IdentifiableArtefact

  • has an id, URI, and URN.

  • is “annotable”; this means it also has the annotations attribute of an AnnotableArtefact.

The id uniquely identifies the object against others of the same type in a SDMX message. The URI and URN are globally unique. See Wikipedia for a discussion of the differences between the two.

NameableArtefact

  • has a name and description, and

  • is identifiable, therefore also annotable.

VersionableArtefact

  • has a version number,

  • may be valid between certain times (valid_from, valid_to), and

  • is nameable, identifiable, and annotable.

MaintainableArtefact

  • is under the authority of a particular maintainer, and

  • is versionable, nameable, identifiable, and annotable.

In an SDMX message, a maintainable object might not be given in full; only as a reference (with is_external_reference set to True). If so, it might have a structure_url, where the maintainer provides more information about the object.

The API reference for pandasdmx.model shows the parent classes for each class, to describe whether they are versionable, nameable, identifiable, and/or maintainable.

Because SDMX is used worldwide, an InternationalString type is used in the IM—for instance, the name of a Nameable object is an InternationalString, with zero or more localizations in different locales.

Items and schemes

ItemScheme, Item

These abstract classes allow for the creation of flat or hierarchical taxonomies.

ItemSchemes are maintainable (see above); their items is a collection of Items. See the class documentation for details.

Data

Observation

A single data point/datum. The value is stored as the value attribute.

DataSet

A collection of Observations, SeriesKeys, and/or GroupKeys.

Note

There are no ‘Series’ or ‘Group’ classes in the IM!

Instead, the idea of ‘data series’ within a DataSet is modeled as:

  • SeriesKeys and GroupKeys are associated with a DataSet.

  • Observations are each associated with one SeriesKey and, optionally, referred to by one or more GroupKeys.

One can choose to think of a SeriesKey and the associated Observations, collectively, as a ‘data series’. But, in order to avoid confusion with the IM, pandaSDMX does not provide ‘Series’ or ‘Group’ objects.

pandaSDMX provides:

Depending on its structure, a DataSet may be flat, cross-sectional or time series.

Key

Values (Key.values) for one or more Dimensions.
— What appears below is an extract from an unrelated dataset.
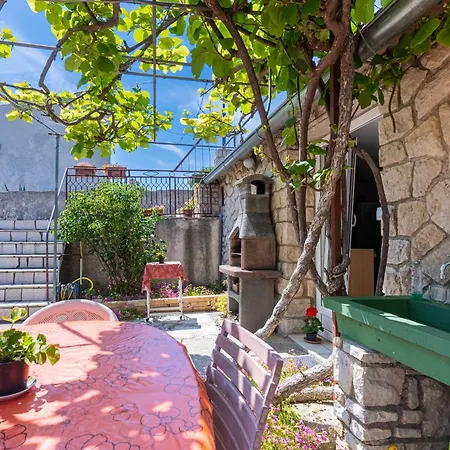 Mariza Apartment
The meaning varies:

Ordinary Keys, e.g. Observation.dimension

The dimension(s) varying at the level of a specific observation.

SeriesKey

The dimension(s) shared by all Observations in a conceptual series.

GroupKey.

The dimension(s) comprising the group. These may be a subset of all the dimensions in the DataSet, in which case all matching Observations are considered part of the ‘group’—even if they are associated with different SeriesKeys.

GroupKeys are often used to attach AttributeValues; see below.

AttributeValue

Value (AttributeValue.value) for a DataAttribute (AttributeValue.value_for).
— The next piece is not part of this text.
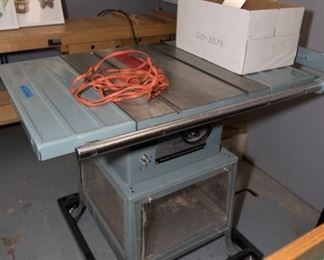 Delta Model 10 Table Saw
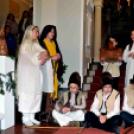 Betlehemezés a Városháza aulájában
May be attached to any of: DataSet, SeriesKey, GroupKey, or Observation. In the first three cases, the attachment means that the attribute applies to all Observations associated with the object.

Data structures

Concept, ConceptScheme

An abstract idea or general notion, such as ‘age’ or ‘country’.

Concepts are one kind of Item, and are collected in an ItemScheme subclass called ConceptScheme.

Dimension, DataAttribute

These are Components of a data structure, linking a Concept (concept_identity) to its Representation (local_representation); see below.

A component can be either a DataAttribute that appears as an AttributeValue in data sets; or a Dimension that appears in Keys.

Representation, Facet

For example: the concept ‘country’ can be represented as:

  • as a value of a certain type (e.g. ‘Canada’, a str), called a Facet;

  • using a Code from a specific CodeList (e.g. ‘CA’); multiple lists of codes are possible (e.g. ‘CAN’). See below.

DataStructureDefinition (DSD)

Collects structures used in data sets and data flows. These are stored as dimensions, attributes, group_dimensions, and measures.

For example, dimensions is a DimensionDescriptor object that collects a number of Dimensions in a particular order. Data that is “structured by” this DSD must have all the described dimensions.

See the API documentation for details.

Metadata

Code, Codelist

Category, CategoryScheme, Categorization

Categories serve to classify or categorise things like dataflows, e.g. by subject matter.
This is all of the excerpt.